Nadia Nahman abonde en ce sens, adhérant à l’idée qu’il soit « fondamental de mettre à disposition des jeunes africains des outils éducatifs, les formant au processus démocratique, à la citoyenneté, à la prise de décision, à la gouvernance et au leadership ».


Nathalie Delapalme poursuit cette même lignée de pensée, jugeant « qu'on ne peut pas résumer la démocratie, en Afrique, à des élections exécutives qui se tiennent, au mieux, tous les cinq ans [ ... ] Il faut absolument avoir cette réflexion permanente pour savoir ce que signifie le mot "démocratie", connaître ses fondements et ses valeurs ... ».

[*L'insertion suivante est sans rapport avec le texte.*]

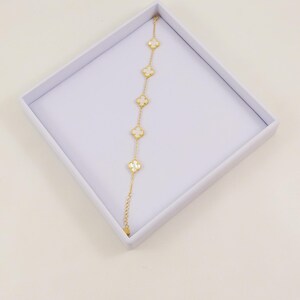 Puede incluir: Una pulsera de cadena dorada con cinco dijes blancos en forma de trébol de cuatro hojas, espaciados uniformemente y con bordes dorados. La pulsera incluye una cadena de eslabones finos y una sección de extensión ajustable, presentada en una caja.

Même son de cloche chez Marie-Reine Hassen, soutenant qu’il faille « former les gens à la politique, que les populations comprennent ce que c’est qu’une élection, un vote, leurs droits, devoirs et responsabilités en leur qualité de citoyen etc...» .


L’ancienne diplomate centrafricaine pousse d’ailleurs la réflexion beaucoup plus loin, quant à la nécessité absolue de professionnaliser la vie politique :


« La politique est un métier. L’efficacité de l’action publique dépendra de la qualité des membres d’une équipe gouvernementale. Il est impératif, pour nos pays africains, d’avoir recours à de nouvelles ressources humaines, techniques et politiques [ ... ]. La définition des compétences requises pour chaque portefeuille ministérielle devient incontournable. Diriger un ministère, c’est manager une équipe et gérer des compétences. Les ministres doivent être des managers qualifiés et expérimentés, leur conférant la capacité de gérer une structure d’ État et leur donnant la possibilité de mettre à profit leur connaissance du terrain. Ajouté à cela, l’intégrité morale des membres d’un bon gouvernement. L’intégrité est aussi l’un des ingrédients qui fera renaître la confiance auprès des populations, de la communauté internationale et des bailleurs de fonds » .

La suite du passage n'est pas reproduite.